> [What the task requires] Nothing but the lines below between the line holding "Blue Vintage Truck" and the line holding "Defy 60cm 4", inclusive, should appear in the answer, each set down exactly.

> [Exercise materials]
_____
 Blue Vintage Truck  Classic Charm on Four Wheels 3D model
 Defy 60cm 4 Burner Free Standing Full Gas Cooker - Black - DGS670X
_____
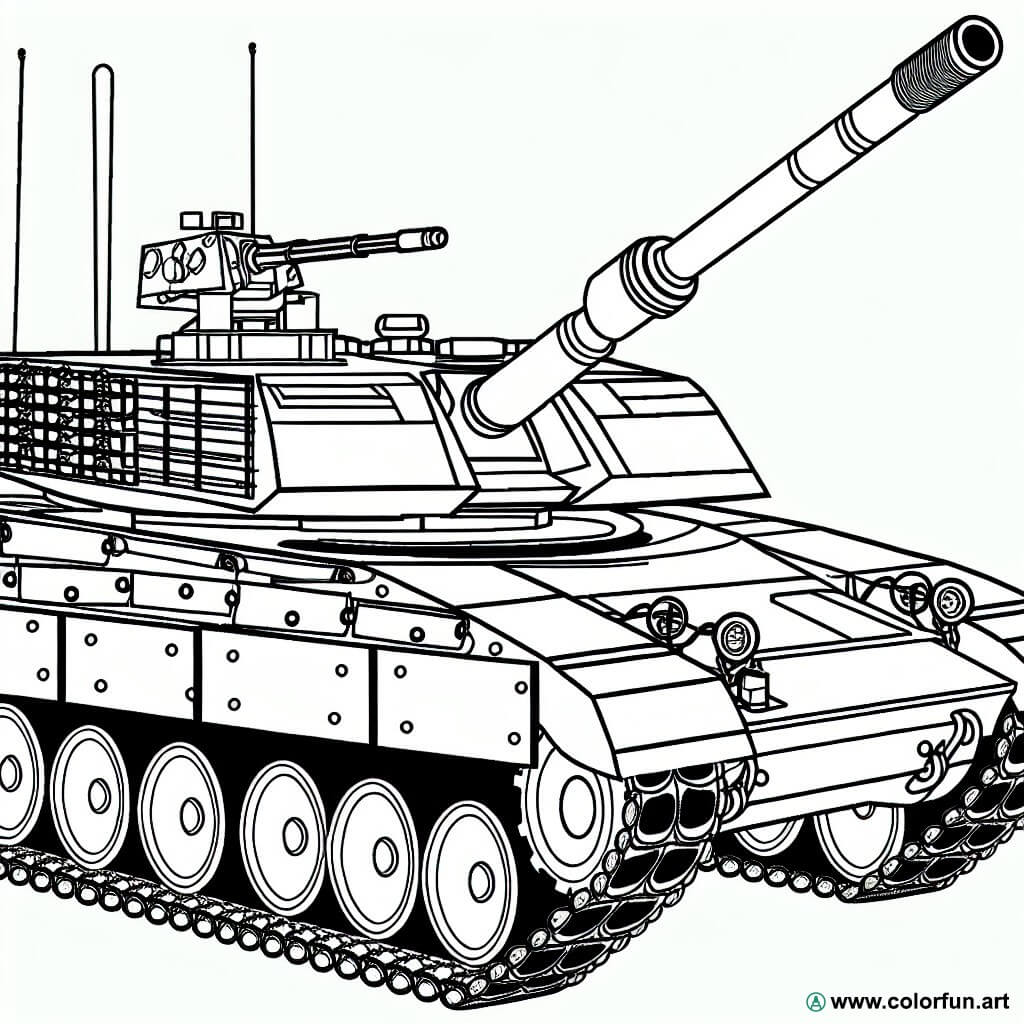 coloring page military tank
_____
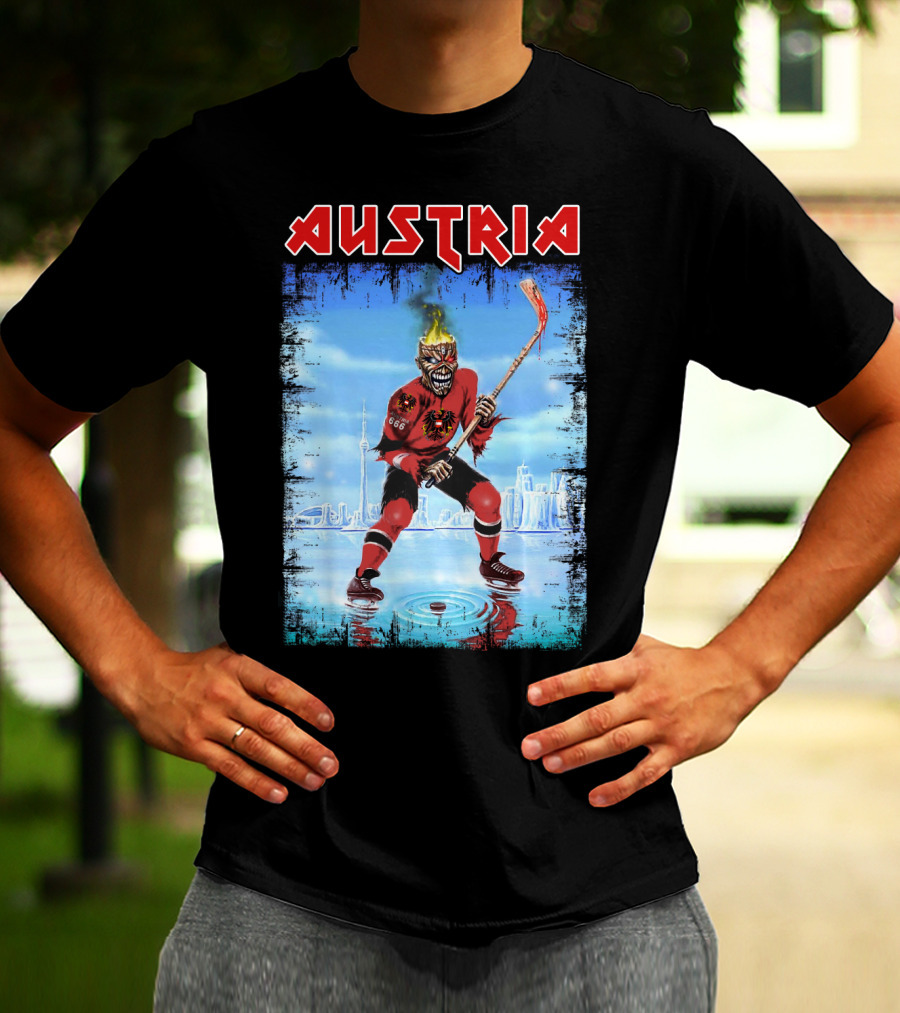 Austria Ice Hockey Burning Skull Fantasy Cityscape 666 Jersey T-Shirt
_____
> [Task result]
 Blue Vintage Truck  Classic Charm on Four Wheels 3D model
 Defy 60cm 4 Burner Free Standing Full Gas Cooker - Black - DGS670X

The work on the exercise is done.